Interaction-driven topological insulator states in strained graphene
D. A. Abanin, D. A. Pesin

TL;DR
This paper demonstrates that Coulomb interactions in strained graphene with pseudo-magnetic fields induce topological insulator-like states, including quantum Hall and quantum spin-Hall states, stable at high temperatures due to many-body effects.
Contribution
It reveals how electron-electron interactions in strained graphene lead to topological insulator states, a novel mechanism for realizing such states in a material with engineered strain.
Findings
Interaction lifts degeneracies of pseudo Landau levels in strained graphene.

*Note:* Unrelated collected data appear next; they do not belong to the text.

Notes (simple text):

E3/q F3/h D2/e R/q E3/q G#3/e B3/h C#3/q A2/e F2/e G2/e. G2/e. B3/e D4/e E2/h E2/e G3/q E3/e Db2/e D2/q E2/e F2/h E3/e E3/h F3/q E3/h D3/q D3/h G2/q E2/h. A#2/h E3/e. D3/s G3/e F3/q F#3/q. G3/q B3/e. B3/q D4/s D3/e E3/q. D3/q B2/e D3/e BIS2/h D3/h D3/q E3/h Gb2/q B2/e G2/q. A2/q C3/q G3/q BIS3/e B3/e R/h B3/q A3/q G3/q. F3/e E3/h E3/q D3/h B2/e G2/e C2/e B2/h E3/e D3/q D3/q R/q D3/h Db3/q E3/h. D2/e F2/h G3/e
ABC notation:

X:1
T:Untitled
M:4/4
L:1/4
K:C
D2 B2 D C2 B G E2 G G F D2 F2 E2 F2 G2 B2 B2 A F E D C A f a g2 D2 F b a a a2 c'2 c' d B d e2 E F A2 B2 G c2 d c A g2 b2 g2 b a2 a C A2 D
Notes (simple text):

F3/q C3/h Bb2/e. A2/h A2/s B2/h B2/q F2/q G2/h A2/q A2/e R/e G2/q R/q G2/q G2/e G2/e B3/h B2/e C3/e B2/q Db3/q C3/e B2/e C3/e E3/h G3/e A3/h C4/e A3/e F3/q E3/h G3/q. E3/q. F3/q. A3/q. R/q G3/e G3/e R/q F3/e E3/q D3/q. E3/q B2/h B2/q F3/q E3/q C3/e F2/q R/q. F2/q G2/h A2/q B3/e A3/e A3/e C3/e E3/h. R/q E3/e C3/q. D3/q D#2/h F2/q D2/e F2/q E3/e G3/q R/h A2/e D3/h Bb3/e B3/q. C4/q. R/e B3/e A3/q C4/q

Spontaneous emergence of quantum Hall states at specific fillings.
Quantum spin-Hall states stabilized by spin-orbital interactions.
Abstract
The electronic properties of graphene can be manipulated via mechanical deformations, which opens prospects for studying the Dirac fermions in new regimes and for new device applications. Certain natural configurations of strain generate large nearly uniform pseudo-magnetic fields, which have opposite signs in the two valleys, and give rise to flat spin- and valley-degenerate pseudo Landau levels (PLLs). Here we consider the effect of the Coulomb interactions in strained graphene with uniform pseudo-magnetic field. We show that the spin/valley degeneracies of the PLLs get lifted by the interactions, giving rise to topological insulator-like states. In particular, when a nonzero PLL is quarter- or three-quarter filled, an anomalous quantum Hall state spontaneously breaking time-reversal symmetry emerges. At half-filled PLL, weak spin-orbital interaction stabilizes time-reversal-symmetric…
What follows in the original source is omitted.